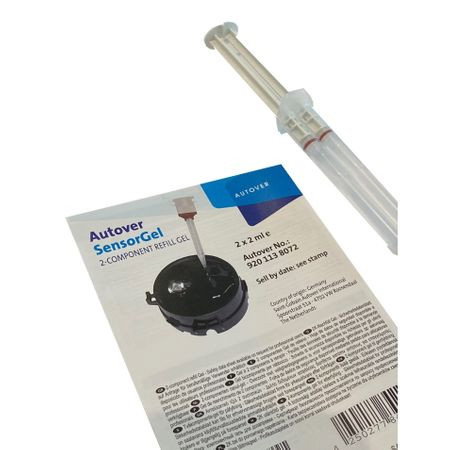 Reparatii si Echipamente Auto - Gel pentru senzori de ploaie/lumini, Saint Gobain Autover, Bicomponent, Incolor, 4 ml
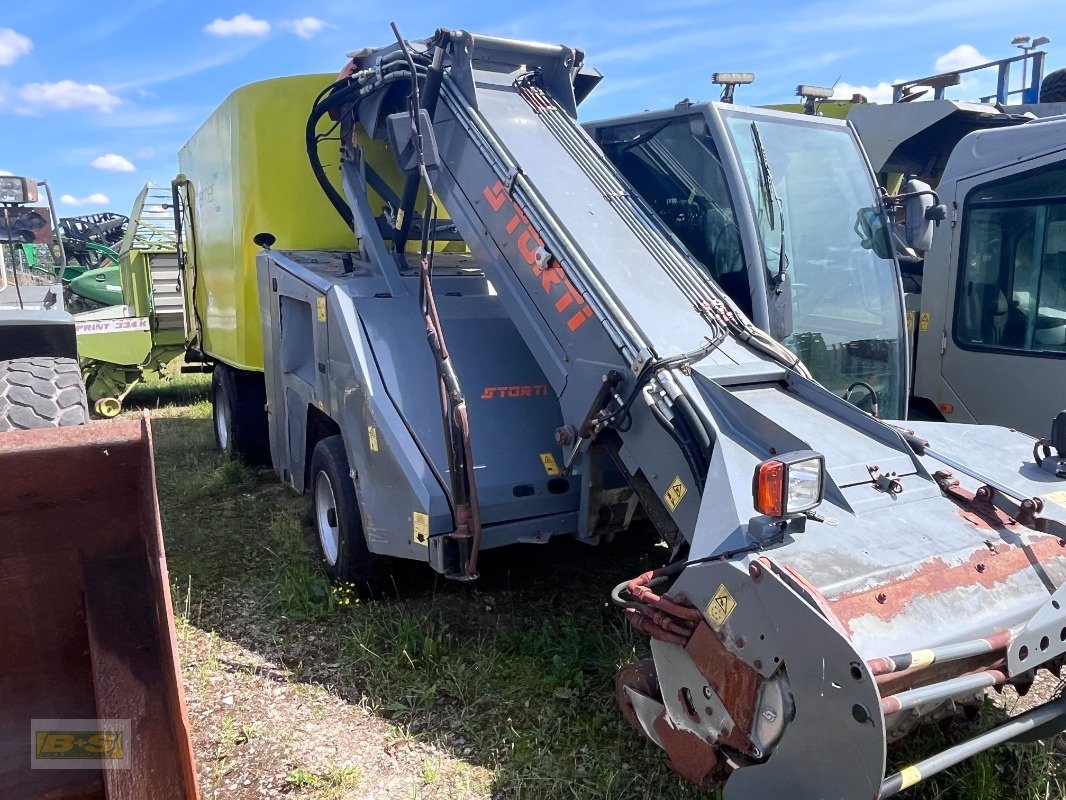 Futtermischwagen typu Storti TERRIER SW 180, Gebrauchtmaschine v Neustadt Dosse (Obrázok 1)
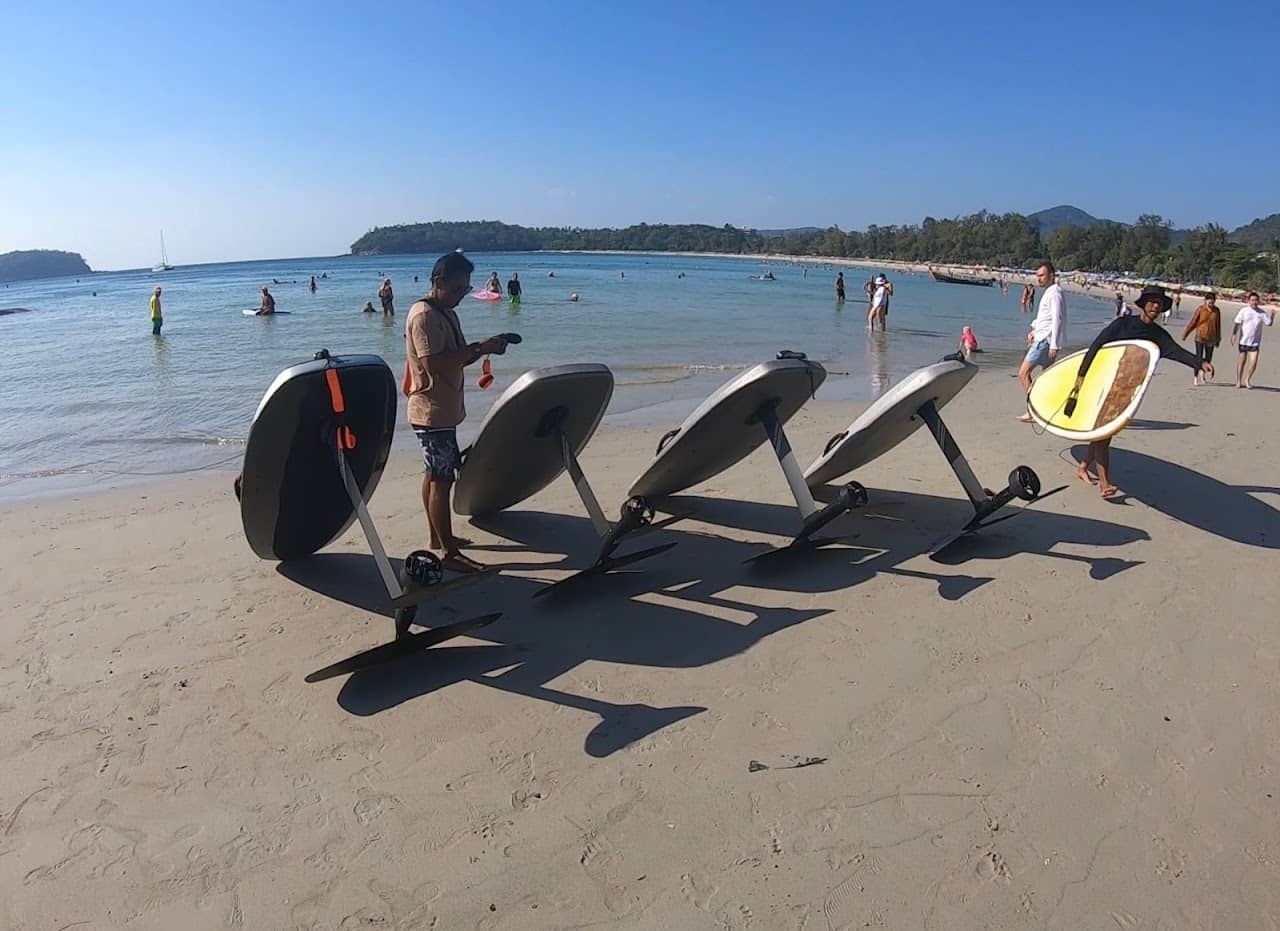 Phuket Efoil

▶ **Your assignment**:
Please copy the lines above exactly as written, apart from any pictures.

▶ **Response**:
 Reparatii si Echipamente Auto - Gel pentru senzori de ploaie/lumini, Saint Gobain Autover, Bicomponent, Incolor, 4 ml
 Futtermischwagen typu Storti TERRIER SW 180, Gebrauchtmaschine v Neustadt Dosse (Obrázok 1)
 Phuket Efoil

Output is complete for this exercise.